(Beginning of MATERIAL SUPPLIED)

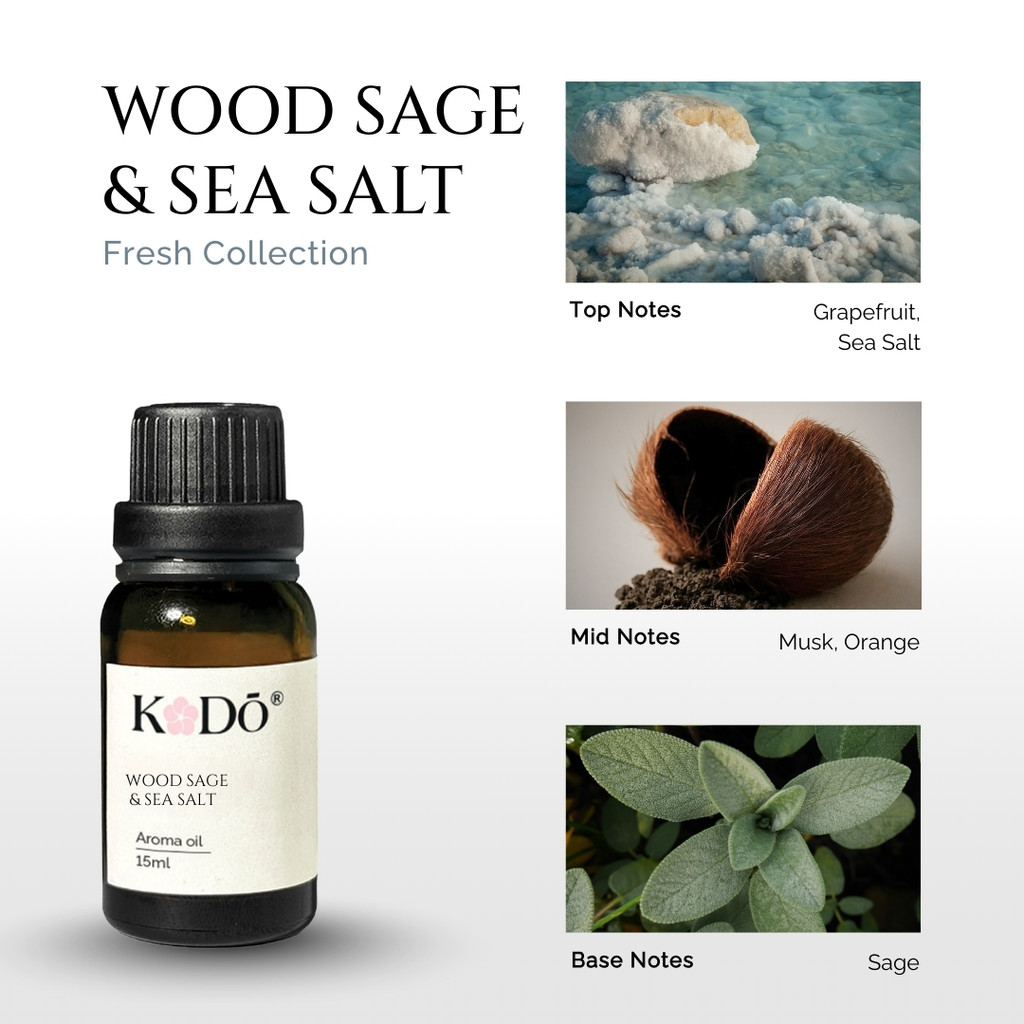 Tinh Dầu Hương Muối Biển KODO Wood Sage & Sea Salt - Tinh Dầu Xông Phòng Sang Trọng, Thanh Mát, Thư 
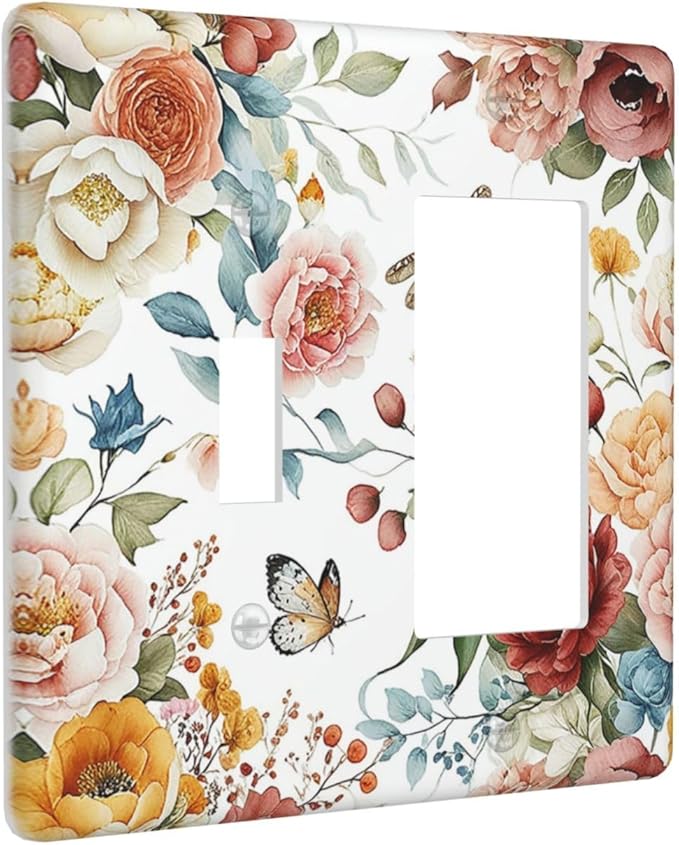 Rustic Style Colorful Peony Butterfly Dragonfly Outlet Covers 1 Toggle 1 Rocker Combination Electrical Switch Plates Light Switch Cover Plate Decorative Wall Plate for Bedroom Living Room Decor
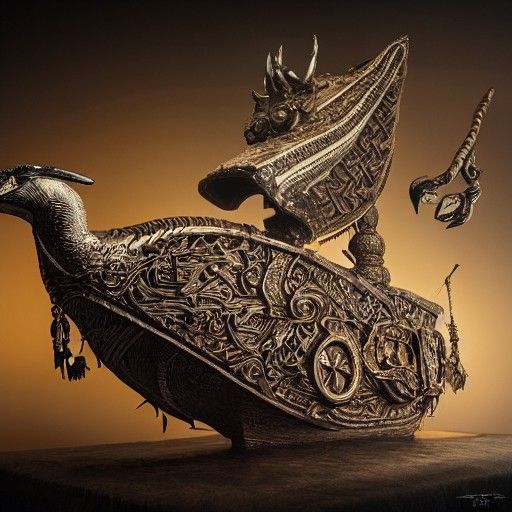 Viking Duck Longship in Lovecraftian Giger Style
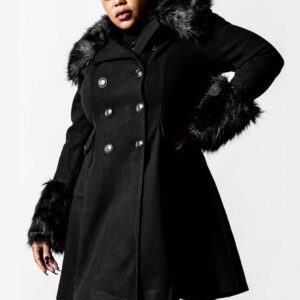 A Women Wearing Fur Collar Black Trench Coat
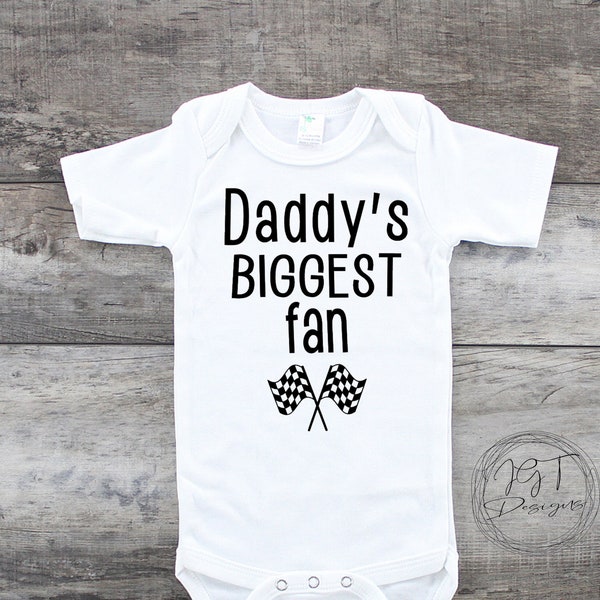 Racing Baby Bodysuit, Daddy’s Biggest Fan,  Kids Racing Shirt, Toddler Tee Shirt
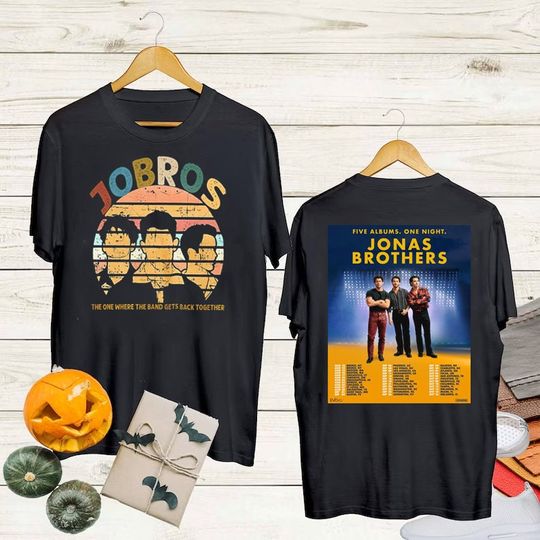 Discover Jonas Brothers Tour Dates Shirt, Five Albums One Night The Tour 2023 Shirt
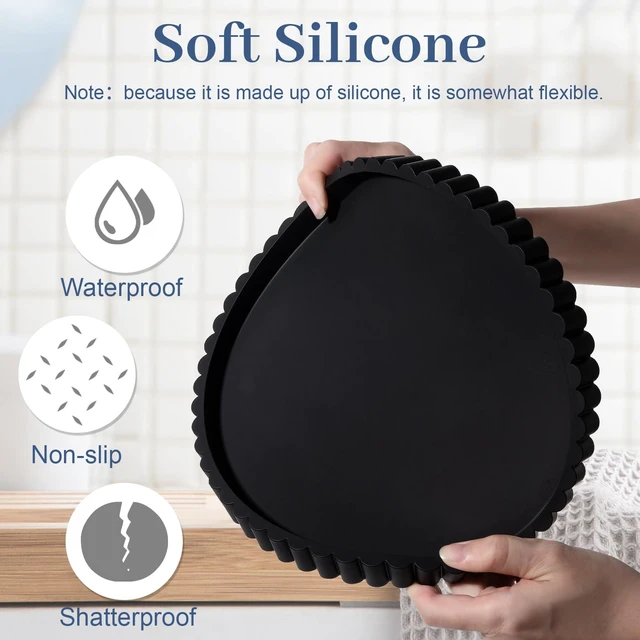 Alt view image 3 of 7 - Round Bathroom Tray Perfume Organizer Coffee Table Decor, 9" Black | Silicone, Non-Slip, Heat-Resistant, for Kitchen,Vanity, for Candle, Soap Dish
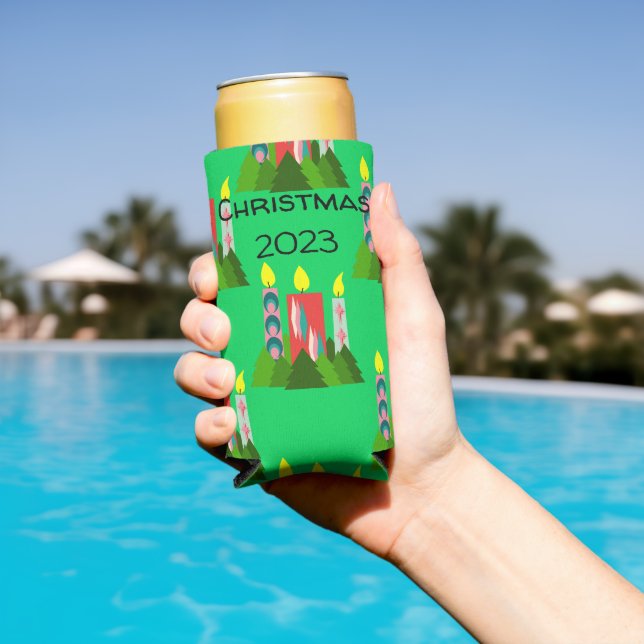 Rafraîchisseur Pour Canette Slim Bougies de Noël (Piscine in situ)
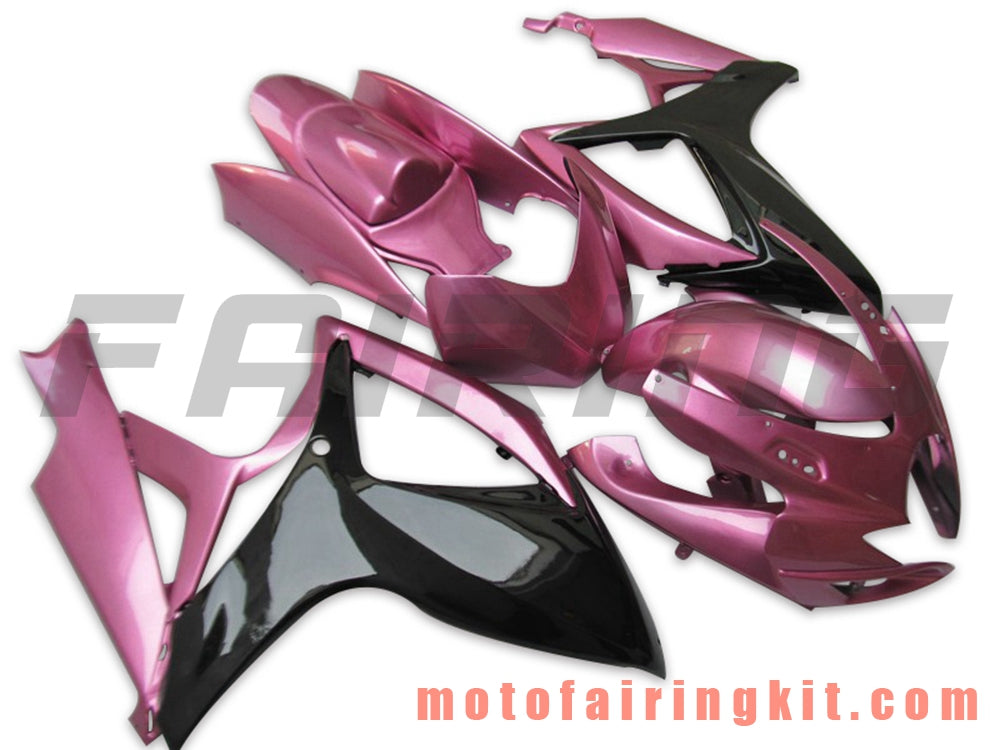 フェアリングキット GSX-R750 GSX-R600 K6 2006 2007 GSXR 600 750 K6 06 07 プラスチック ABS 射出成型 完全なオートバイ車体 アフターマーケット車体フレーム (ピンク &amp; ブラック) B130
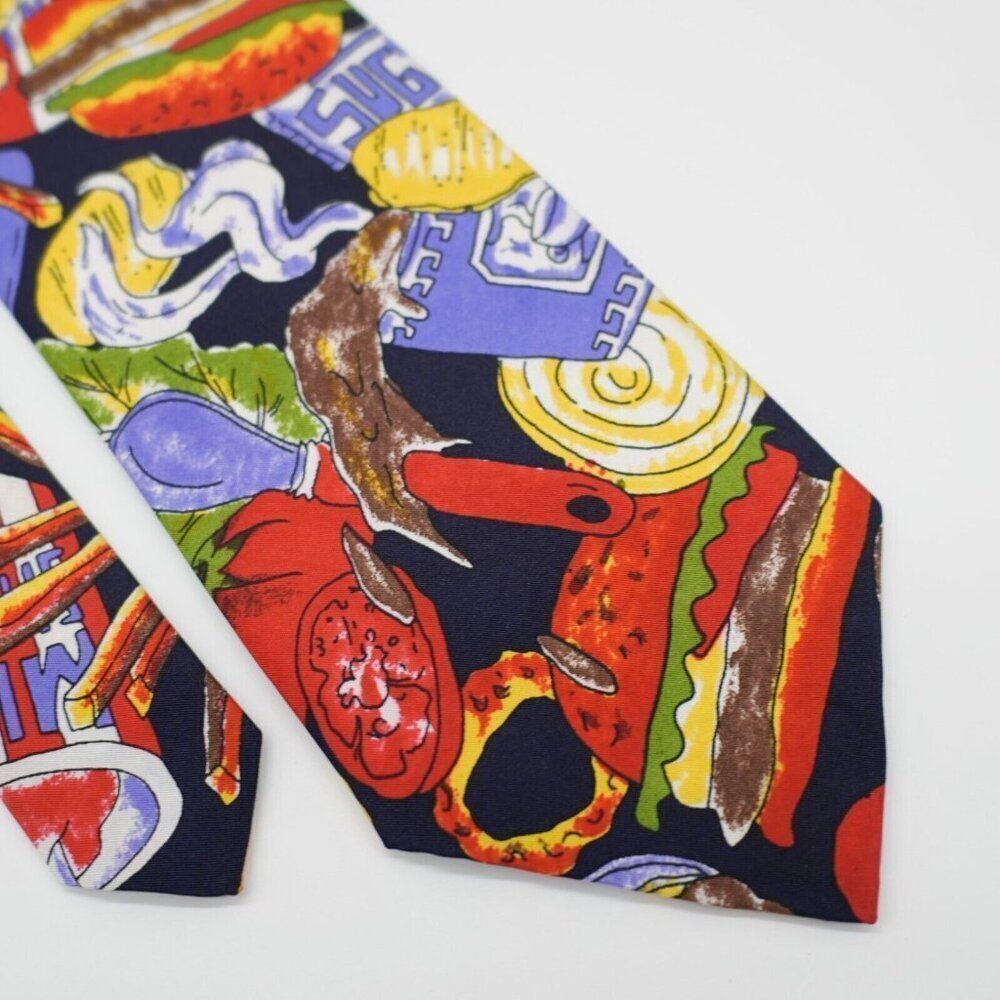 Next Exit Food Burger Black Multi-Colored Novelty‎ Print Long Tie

(End of MATERIAL SUPPLIED)

■ **TASK REQUIREMENTS**: Could you transcribe exactly the lines from the start of the records through the line containing "A Women Wearing Fur Collar Black Trench Coat", both ends included, leaving the pictures out?

■ **WRITTEN SOLUTION**:
 Tinh Dầu Hương Muối Biển KODO Wood Sage & Sea Salt - Tinh Dầu Xông Phòng Sang Trọng, Thanh Mát, Thư 
 Rustic Style Colorful Peony Butterfly Dragonfly Outlet Covers 1 Toggle 1 Rocker Combination Electrical Switch Plates Light Switch Cover Plate Decorative Wall Plate for Bedroom Living Room Decor
 Viking Duck Longship in Lovecraftian Giger Style
 A Women Wearing Fur Collar Black Trench Coat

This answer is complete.